Target announced today an expanded partnership with Google that, among other things, will now allow consumers to shop Target across the U.S. via Google Express, including by voice. The deal will also see the two companies working together more closely in the future in a number of areas, including the integration of Target’s own payment card, REDcard, into Google’s shopping platform, support for store pick-ups via voice, and more.
The news follows a similar announcement from Walmart in late August, which saw the retailer – Amazon’s biggest rival – partnering with Google on voice-based shopping. With the Google Home device, Google represents these retailers best shots’ at finding a way into consumers’ homes in a market where Amazon Alexa-powered smart speakers now dominate.

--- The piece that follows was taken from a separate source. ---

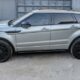 Range Rover | Evoque Si4 | 2013 | 2.0 | AWD 🎁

But Target believes that shopping by voice won’t necessarily be tied to an in-home device like the Echo or Google Home. “Who knows if these specialized devices will even exist in a few years time?,” says Target’s Chief Information and Digital Officer Mike McNamara, somewhat optimistically. “Or whether it’s a piece of software than runs on your TV or on your telephone.” He adds that most people will probably interact with the voice shopping feature by way of Google Assistant on their smartphone – a feature Google is also announcing today.
Target had previously been testing Google’s home delivery service, Google Express, only in select markets in California and NYC. Today, it’s making that service nationally available, across the continental U.S.
The expectation is that consumers will largely use Google Express today to pick up their everyday essentials – like more La Croix, which happens to be the most-ordered item in San Francisco, or Goody hair bands – the most-ordered item in L.A.
That means there will be some overlap between Google Express and Target’s own quick delivery service, Target Restock. But Target Restock on its own couldn’t leverage Google’s voice computing platform, so Target is essentially placing its bets on Google.
Merchants routinely offer online ordering to consumers who have gravitated to the e-commerce way of shopping. But a store’s omnichannel strategy has become more complex and competitive, so partnering with an enterprise-scale digital player becomes a necessity to provide more mobile-driven services such as on-demand merchandise delivery or mobile order and pay. Another channel—voice, or conversational commerce, is in its early stages, but expect it to take off as shoppers looking for convenience and immediacy make Alexa, Google, Siri, and Cortana part of their household family.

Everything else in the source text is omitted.